Pictures in the records below must be left out. Return exactly the lines from the line with "Leptopholcus borneensis" to the line with "Olive-sided Flycatcher - ML338114621", both included.

• _Exercise material_:
*-*-*

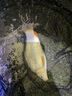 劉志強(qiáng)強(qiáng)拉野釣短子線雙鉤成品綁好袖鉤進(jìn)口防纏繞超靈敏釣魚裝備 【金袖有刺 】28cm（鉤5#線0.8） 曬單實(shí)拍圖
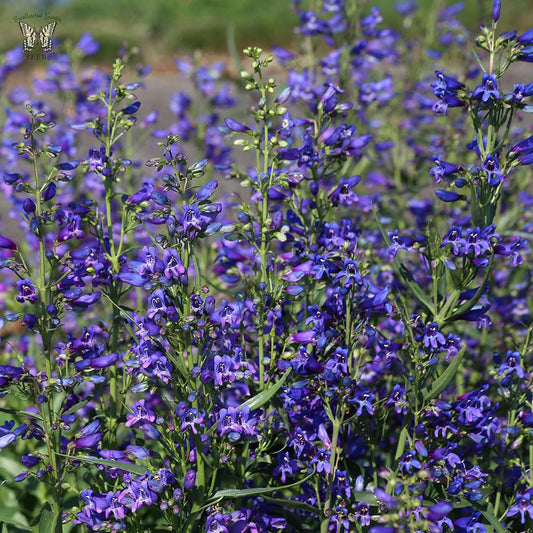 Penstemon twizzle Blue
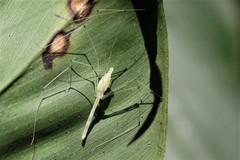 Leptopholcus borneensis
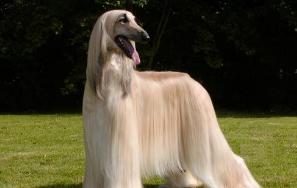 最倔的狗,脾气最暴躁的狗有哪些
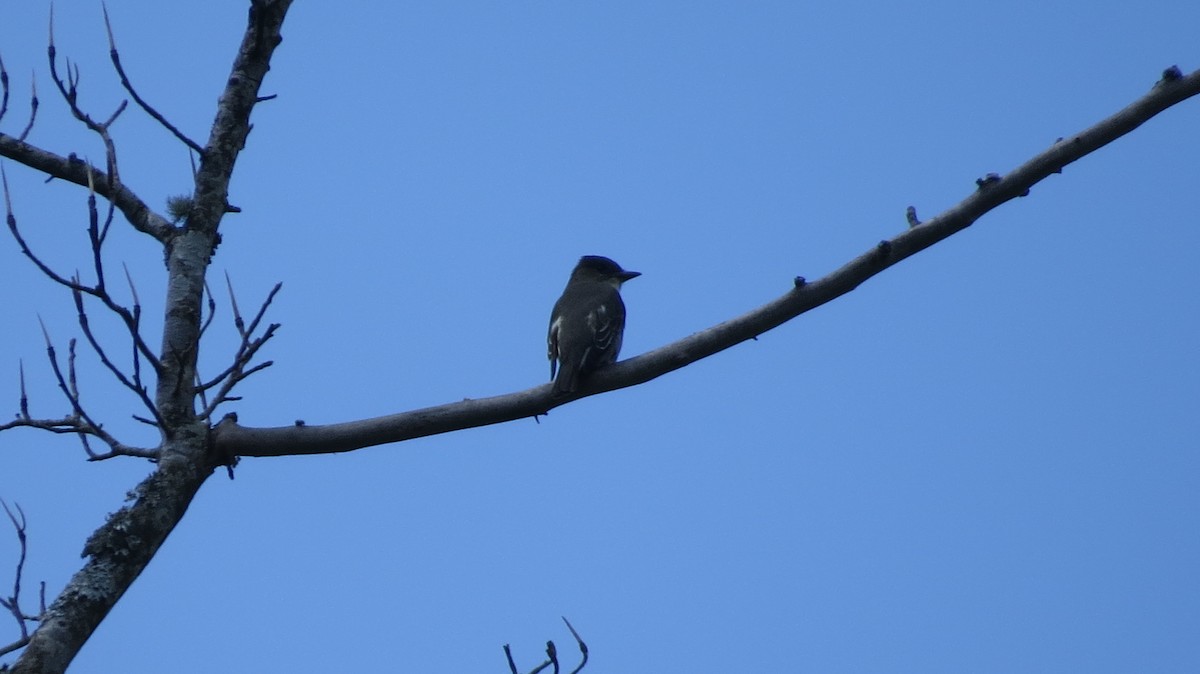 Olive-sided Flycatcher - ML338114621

*-*-*

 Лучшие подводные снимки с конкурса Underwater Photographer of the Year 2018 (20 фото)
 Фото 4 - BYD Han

*-*-*

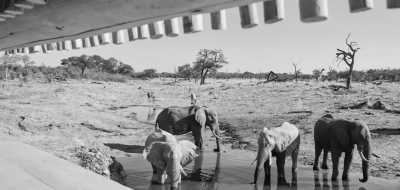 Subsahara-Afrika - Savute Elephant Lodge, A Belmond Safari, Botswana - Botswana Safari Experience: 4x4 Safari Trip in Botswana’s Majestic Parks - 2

*-*-*

• _Output for this task_:
 Leptopholcus borneensis
 最倔的狗,脾气最暴躁的狗有哪些
 Olive-sided Flycatcher - ML338114621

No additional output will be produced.